To make clear the relationship between these findings and harmonic colors, it can be shown that the three primary and three secondary colors of the color wheel are included in the categorical hues.

In addition to these six colors, are two colors which are *not* on the color wheel: *Pink*
and *Brown*. Note also that the achromatics, Black, White, and a number of Gray scales, are also included.

These eight colors: Red, Yellow, Blue, Green, Orange, Violet, Pink, and Brown, are the chromatic
categorical hues. They are also called *preattentive* colors by vision scientists, meaning that
no conscious effort is needed to recognize these colors.
In order to make harmonic colors as practical as possible, it makes sense to apply the basic principles of
these findings to the 23-Limit harmonic color wheel. If we consider the color *Red-Violet* ...

... lightening or *tinting* of this color yields *Pink*, which is indeed more a immediately
recognizable color.

Consider also the tertiary color Red-Orange.

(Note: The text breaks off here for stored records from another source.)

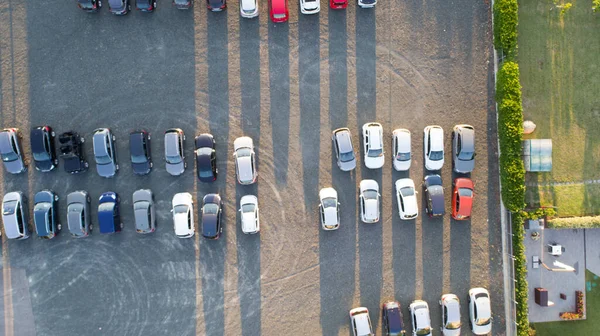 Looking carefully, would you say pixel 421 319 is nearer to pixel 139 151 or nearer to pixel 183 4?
pixel 139 151

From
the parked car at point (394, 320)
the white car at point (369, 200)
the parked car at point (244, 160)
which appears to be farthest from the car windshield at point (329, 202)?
the parked car at point (394, 320)

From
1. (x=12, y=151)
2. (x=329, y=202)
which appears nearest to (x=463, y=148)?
(x=329, y=202)

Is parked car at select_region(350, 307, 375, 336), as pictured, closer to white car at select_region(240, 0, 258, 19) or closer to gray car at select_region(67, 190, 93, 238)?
gray car at select_region(67, 190, 93, 238)

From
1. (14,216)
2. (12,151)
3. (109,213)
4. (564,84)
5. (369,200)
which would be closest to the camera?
(12,151)

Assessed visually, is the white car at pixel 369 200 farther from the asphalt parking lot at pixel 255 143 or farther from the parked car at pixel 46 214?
the parked car at pixel 46 214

Darkening, or *shading* this color yields
*Brown*, which is also in fact more immediately recognizable.

If the remaning tertiary colors are shown as combinations of the categorical hues, the color wheel gains a new immediacy, expressed as a shape built only from colors that are immediately recognizable.

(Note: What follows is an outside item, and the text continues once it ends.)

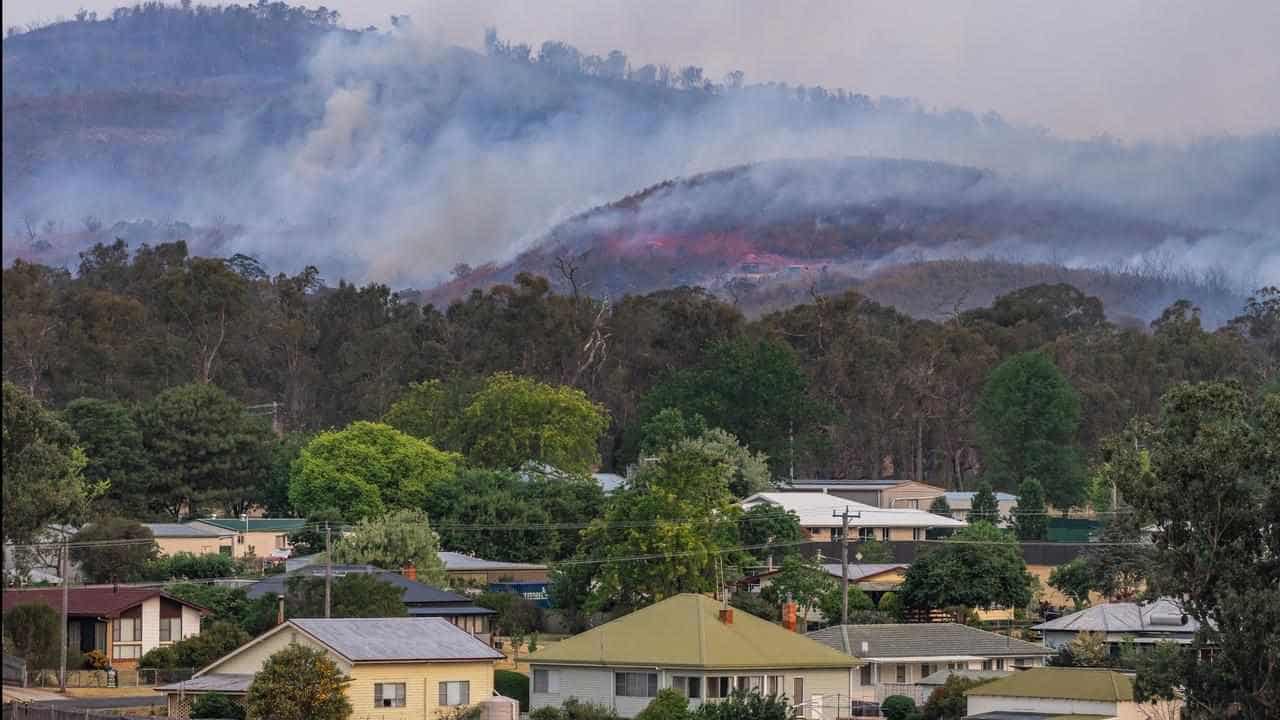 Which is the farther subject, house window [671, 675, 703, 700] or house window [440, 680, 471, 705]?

These basic harmonic colors can be placed into two classes. *Class 1:* the Preattentive colors,
and *Class 2:* colors which are mixtures of the preattentives.

This logic can be put to work on the larger 47-Limit harmonic color wheel as well. The structure then appears greatly simplified in terms of color recognition.

All harmonic colors from 1 to 47 are represented in the outer ring.

Isolating only those colors unique to the 47-Limit, it can be shown that each of these unique colors is a mixture of 3 parts of one primary and 1 part of another. For example, 25 reduces to 3 parts Blue and 1 part Red.

39 reduces to 3 parts Yellow and 1 part Red.

The 23-Limit harmonic colors can be further classified as *Simple* and the 47-Limit can be
called *Compound*, as summarized the the tables below.

This is the basic system of H-Chroma, founded on the harmonic order of the visible spectrum which I observed first in the year 2000. H-Chroma is a quantitative tone chroma of harmonic colors organized categorically, allowing practical applications for Just Intonation up to the 47-Limit.

The text ends here for now. I have developed a notation system for music in Just Intonation using H-Chroma, and have also written software, and designed and built an electronic musical instrument based on these principles. Presentation of those things will follow when time permits.